After Skopje, I went on a driving vacation. A driving vacation means you are doing just that: driving. I got on a bus at 8:30 in the morning at the bus-train station in downtown Skopje. The drive over the pass was a winter wonderland. Trees laden with snow. This is foreshadowing. Snow looks much better through a bus window or indeed any window, except a windshield when your are behind the steering wheel. When we got to Sofia around 2 PM, I walked to the Sixt office one block south, and got in my rented Skoda.
Google Maps workers live in a walled palace. They have no idea how roads are in the real world.
- They don’t know about weather. The world has Snow! OMG! not like Mountain View. Google maps in Bulgaria made no time allowance for the fact it was snowing heavily on A81 to Montana, when telling me that was the quickest route north to Vidin.
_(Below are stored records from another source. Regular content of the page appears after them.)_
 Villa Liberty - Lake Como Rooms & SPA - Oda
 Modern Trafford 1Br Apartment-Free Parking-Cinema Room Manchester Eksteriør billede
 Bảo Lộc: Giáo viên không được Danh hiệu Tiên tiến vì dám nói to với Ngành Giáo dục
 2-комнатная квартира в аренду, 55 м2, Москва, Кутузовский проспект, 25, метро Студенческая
My human friends warned me but I don’t check messages while driving. I’m the only one in the Balkans who doesn’t.
- They don’t know about left turns. Google Maps seems to time left turns at about zero, when estimating driving times. This is bad enough in the States, during rush hour. In a town like Sofia, it significantly impacts routing decisions.
- They don’t know about Cyrillic characters. Seriously. And when the voice output comes to a syllable it can’t render, it omits it, leaving not even a speech disfluency. So if map direction algorithm outputs “Turn left on улица хан крум toward несебър стария град,”, the voice says: “Turn left ontoward”.
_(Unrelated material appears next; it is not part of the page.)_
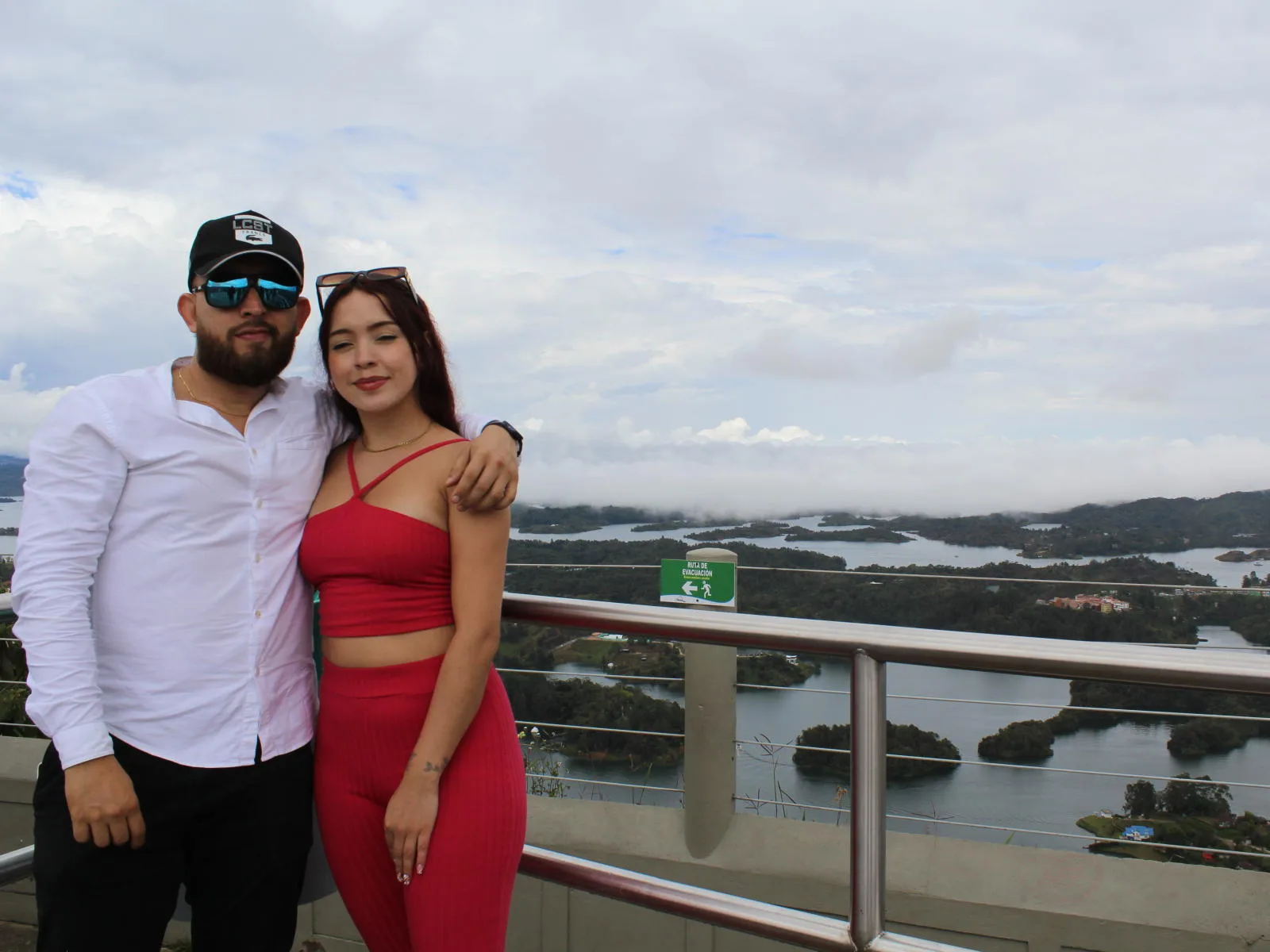 Camgirl JakeAndAnnie en live webcam amateur sur Mustvideos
- They don’t map potholes.
Uber robot cars will be worse. I was thinking on the drive into Bucharest, the next day, how many times I would have been killed if I were in an autonomous vehicle, but realistically, I think, the answer is none.
An autonomous vehicle placed in Bucharest and given a command would put up an alert that said:
“Your request cannot be completed safely at this time.”
and that alert would stay on the screen forever, while the hubcaps and then the wheels and then the trim and the engine were stolen, leaving a robot car indistinguishable from all the other cars in Romania, which is good, because if it stood out, somebody would rob it.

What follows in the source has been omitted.